== Provided data ==
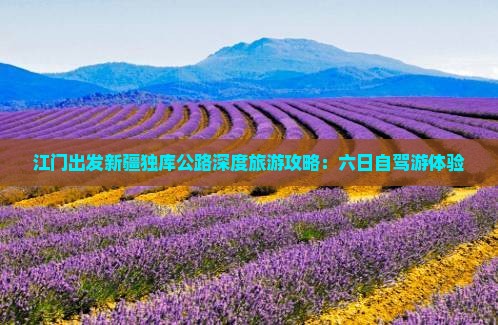江门出发新疆独库公路深度旅游攻略：六日自驾游体验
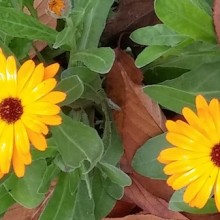 yellow-daisy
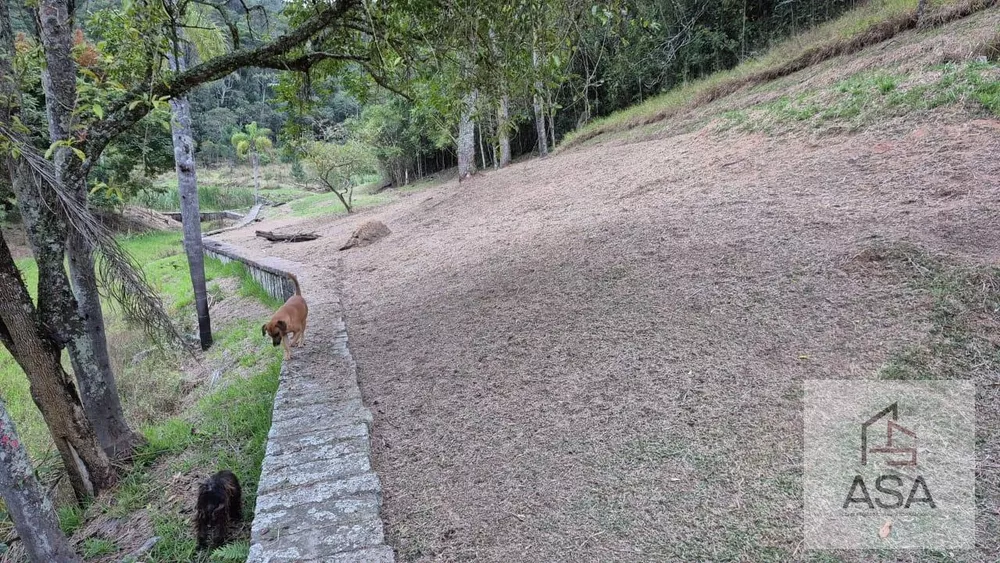 Fazenda, 21 hectares - Foto 4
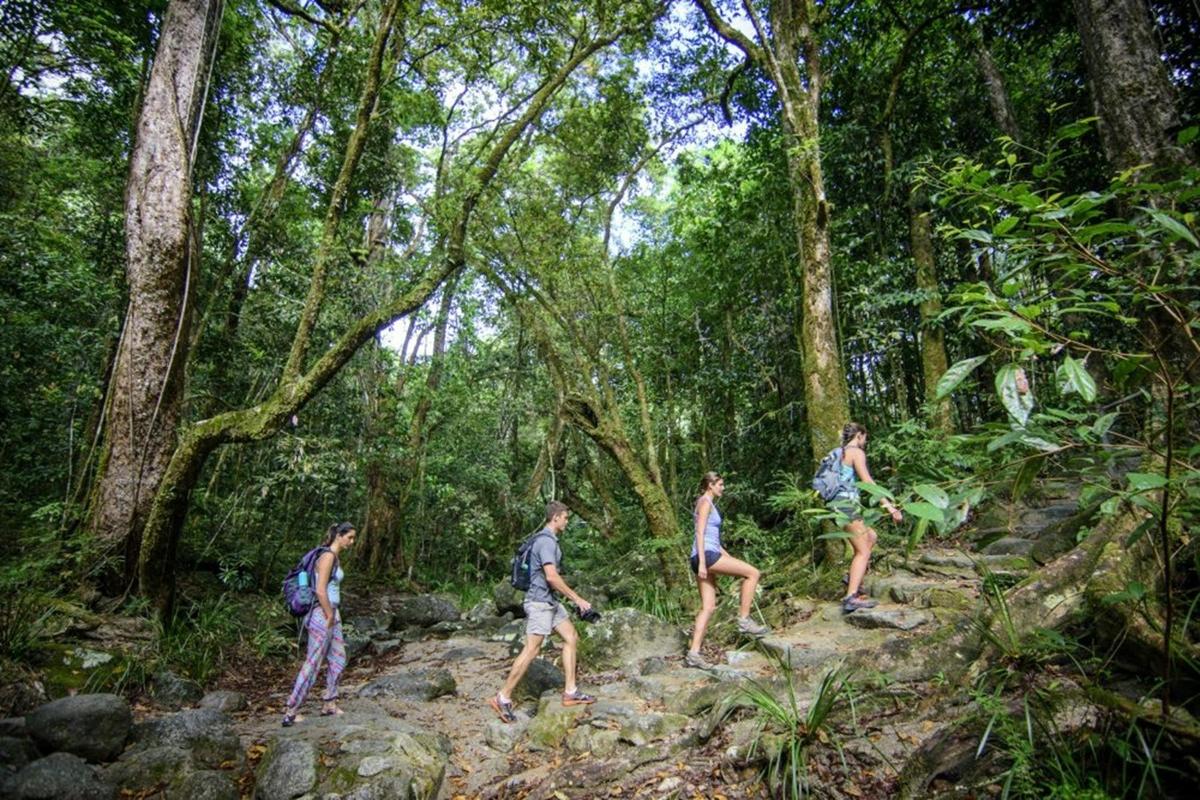 Daintree Nature and Wildlife Safari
===
▶ [Your instructions] Please write out, exactly, every line from the line with "yellow-daisy" through the final line of the data above, leaving out pictures.

▶ [Response for this exercise]
 yellow-daisy
 Fazenda, 21 hectares - Foto 4
 Daintree Nature and Wildlife Safari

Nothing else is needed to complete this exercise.